WHAT IS NEEDED
Range to repeat from the listing below: the line containing "Maison Charme Ancien, Jardin, 2Km" down to the line containing "Bateria Movano do", both included. Copy it exactly, pictures excluded, and add nothing else.

DATASET RECORDS
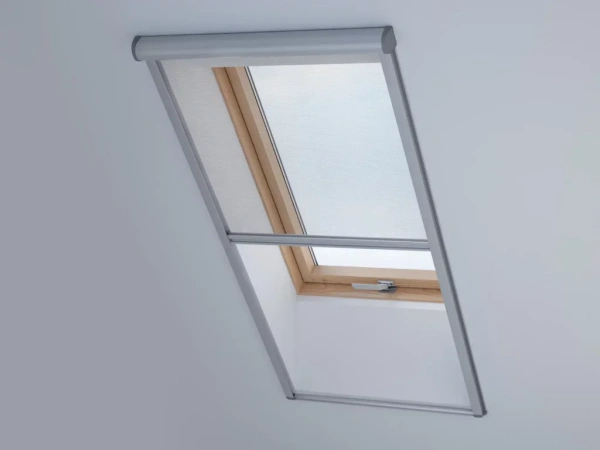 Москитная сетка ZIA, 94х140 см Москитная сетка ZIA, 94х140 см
---
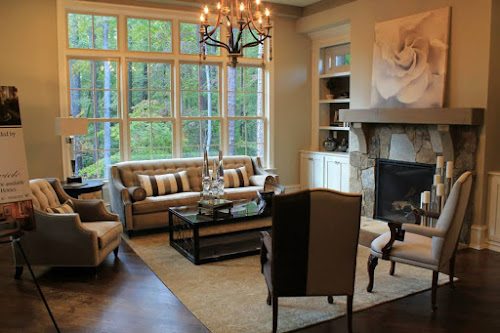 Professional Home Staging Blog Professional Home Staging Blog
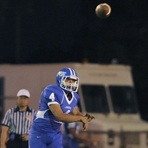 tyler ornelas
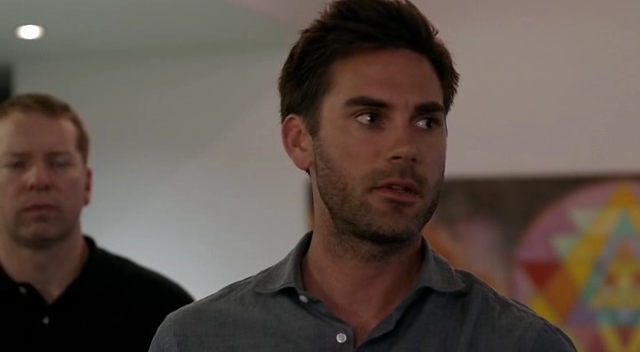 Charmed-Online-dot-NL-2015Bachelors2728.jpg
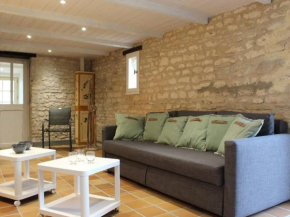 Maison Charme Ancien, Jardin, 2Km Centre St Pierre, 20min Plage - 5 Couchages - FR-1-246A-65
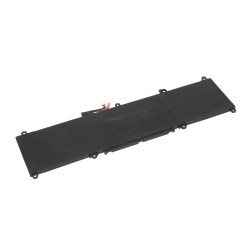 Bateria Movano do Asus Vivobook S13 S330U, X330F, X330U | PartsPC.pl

RESULT OF THE TASK
 Maison Charme Ancien, Jardin, 2Km Centre St Pierre, 20min Plage - 5 Couchages - FR-1-246A-65
 Bateria Movano do Asus Vivobook S13 S330U, X330F, X330U | PartsPC.pl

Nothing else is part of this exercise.